Cheap Aussie spray ‘could stop COVID’

 

Exclusive: Australian researchers have turned a cheap 100 year blood thinning drug into a nasal spray that could block COVID-19, stop it spreading and treat the illness.

The team of Melbourne scientists, which includes Victoria's chief health officer Brett Sutton, is seeking funding to test the product, containing the blood thinning medication heparin, on people in hotel quarantine - to see if it works.

It comes as human trials begin to gauge whether AstraZeneca's COVID-19 injection also works as a nasal spray.

Australia's leading science research body, the CSIRO, had tested the vaccine as a nasal spray in ferrets - ahead of the human trials - and was waiting for the publication of promising results showing its impact on stopping infection spread.

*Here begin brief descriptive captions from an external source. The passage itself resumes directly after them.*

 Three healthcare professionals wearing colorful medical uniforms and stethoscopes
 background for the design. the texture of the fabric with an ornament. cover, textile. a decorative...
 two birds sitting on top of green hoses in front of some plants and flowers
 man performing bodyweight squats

"We're confident. We have preclinical studies which are impressive at the moment," CSIRO's Rob Grenfell told News Corp.

 

COVID deterrent? Dr Barry Dixon pictured at St Vincent’s Hospital in Melbourne. Picture: Jason Edwards
COVID deterrent? Dr Barry Dixon pictured at St Vincent’s Hospital in Melbourne. Picture: Jason Edwards

 

"We also understand that our colleagues in the UK are conducting various ways of administering, in particular the AstraZeneca vaccine to demonstrate … whether or not it can actually cause what we call nasal neutralisation," he said.

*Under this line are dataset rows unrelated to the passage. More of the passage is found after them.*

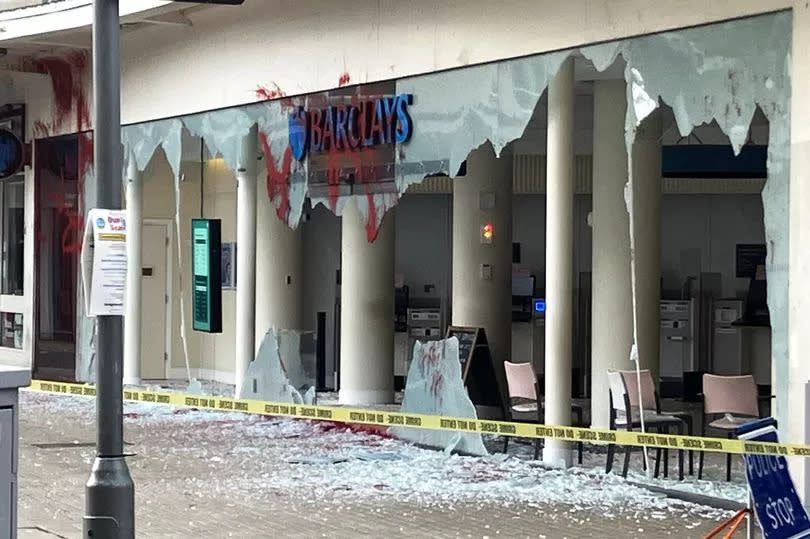 A branch's smashed windows in Bristol -Credit:PA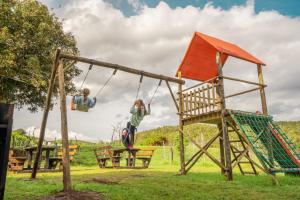 SwanepoelskraalにあるAfriCamps Addoの公園内のブランコで遊ぶ子供2名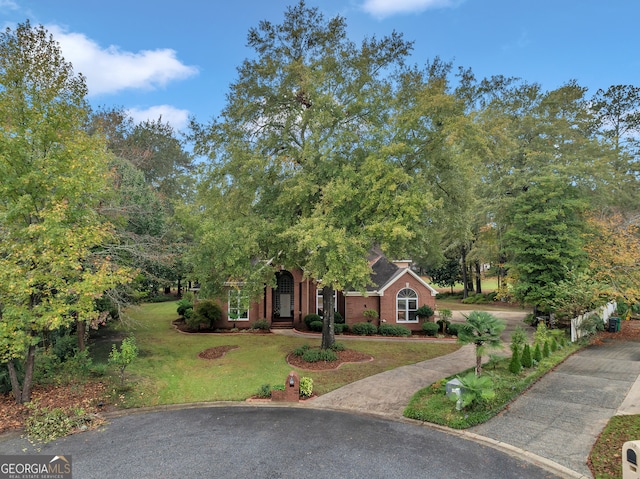 obstructed view of property featuring a front yard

Another COVID-19 busting nasal spray being developed by Australian company ENA was also in preclinical trials.

And, Melbourne-based pharmaceutical company Starpharma hoped to roll out a nasal spray in Europe next month that is 99.99 per cent effective against COVID-19 when applied before or after exposure.

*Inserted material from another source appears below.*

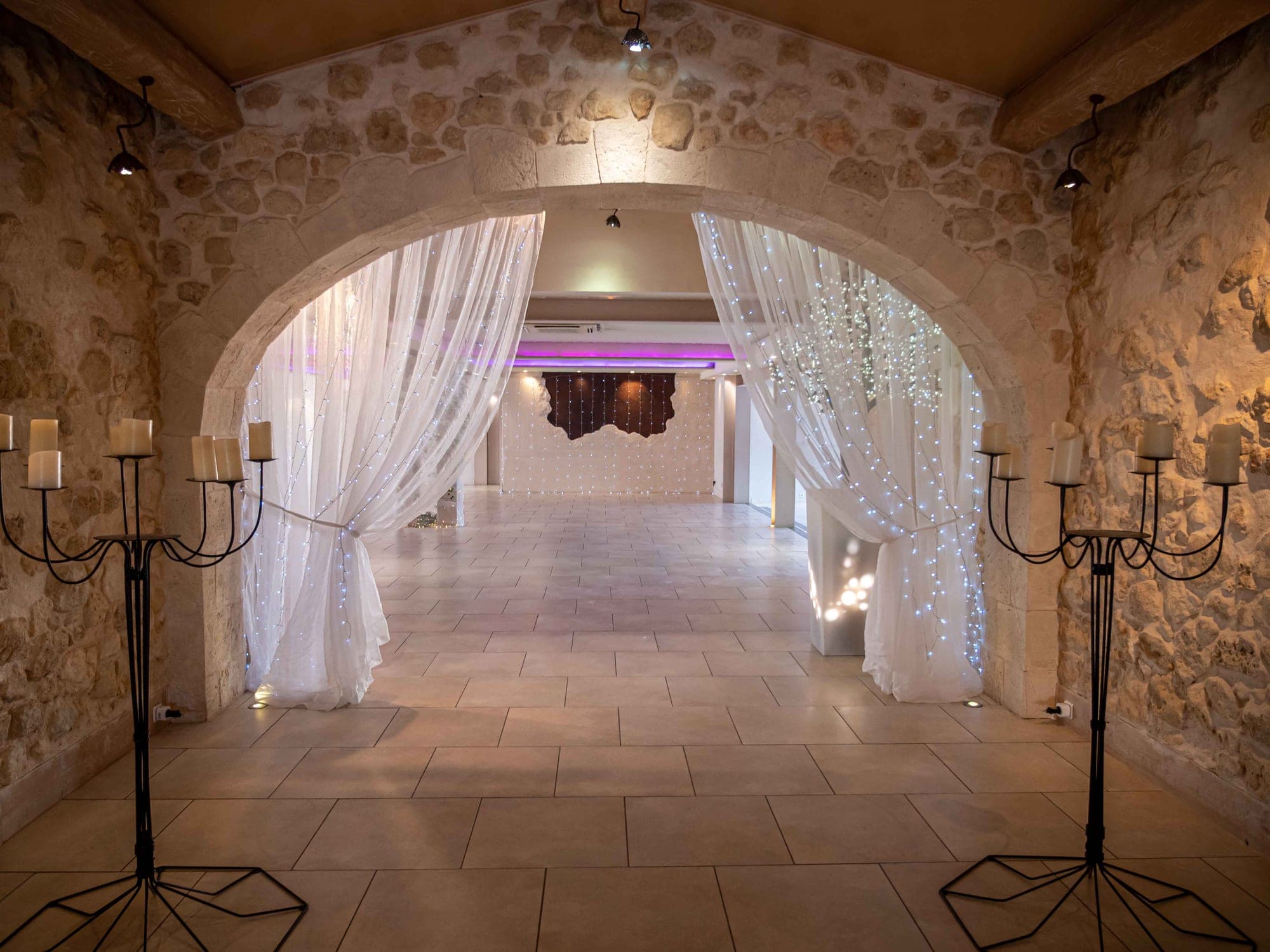 Empty reception hall with stone walls, archway, and fairy lights.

Nasal spray formulations would work as an accompaniment to COVID-19 vaccinations.

In the case of heparin, Australians would still receive COVID-19 vaccines but the nasal spray would be used three times a day during virus outbreaks, long haul travel and by frontline health and quarantine workers to provide immediate protection by blocking the virus entering the body through the nose.

And, unlike vaccines, heparin would work to block even mutated forms of the COVID-19 virus.

The medication is off patent, so would cost just $10 per bottle to produce and likely retail for $20 a bottle.

 

Professor Don Campbell taking a nasal spray that might help prevent catching coronavirus. Picture: Supplied.
Professor Don Campbell taking a nasal spray that might help prevent catching coronavirus. Picture: Supplied.

 

The team wants to produce the heparin in Australia.

"The concept is that the intra-nasal heparin will, in fact, prevent the virus from locking onto the ACE2 receptor (in the nasal passage), and prevent it from being internalised and replicating and be associated shedding and spreading," Monash University pharmacy expert Professor Michelle McIntosh said.

"We've been able to show in a petri dish that this concept works. And we have commenced some animal studies," she said.

The team working on the heparin spray includes researchers from the Peter Doherty Institute the Murdoch Children's Research Institute, University of Melbourne, St Vincent's Hospital, Northern Health, Monash University and the CSIRO.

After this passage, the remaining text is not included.